I think the issue of copyright and online piracy is being approached from entirely the wrong direction by the record companies and such. Several book publishing firms (typically smaller ones) have done some experiments with offering titles free on the internet and have found that, almost without exception, all of the authors that offer their works free online have increased sales due to the free publicity. In fact, even the sales of the free books tend to increase. A great example of this is Jim Baen's free library (http://www.baen.com/library/). Eric Flint, an author that publishes with Baen, runs that site and has a bunch of great articles about this phenomenon. I think that the record companies would find that if they offered free downloads of older albums, they would find that:
a.) that publicity would increase the sales of those artists' newer albums
b.) overall revenues would increase because people would be buying older titles as well as newer ones.
c.) online piracy in general would tend to decrease, because most people, having that option to obtain free music legally, would not use the illegal services.

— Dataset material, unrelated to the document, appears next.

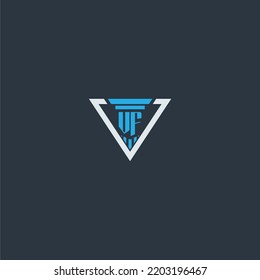 Monograma inicial de VF para ideas del logo de la firma de abogados con diseño de estilo de polígono creativo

Here is a subject near to my heart. I have over 1000 CDs and a good stack of movies, so I am a legitimate consumer. And, like Jack, I have ripped my entire collection. I have given out compilation disks to people that might like to hear new music and this results in new fans and new purchases. I think at the root of the entire issue is a basic lack of morality in the bulk distribution of IP and a lack of morality in its users. Personally, I would be happy to give the artist $1 per CD, the production company $1 and a $1 for the manufacturing process. The RIAA has been instrumental in keeping the prices on music artificially high for extreme profits – fostering the lack of ethics that they now moan about.
I personally hope that a few really big groups (not that I listen to much popular music) will market music directly over the internet for small bucks and make a killing. Without a big label involved. I have no sympathy whatsoever for the big labels.
I have taught my children to understand the situation fully and to make decisions they are comfortable. My daughter chose openoffice instead of micro$oft office for ethical reasons. She does have music on her laptop and has downloaded some. She has also purchased the CDs of groups she likes.
Apparently, you hit a topic I have strong feelings about.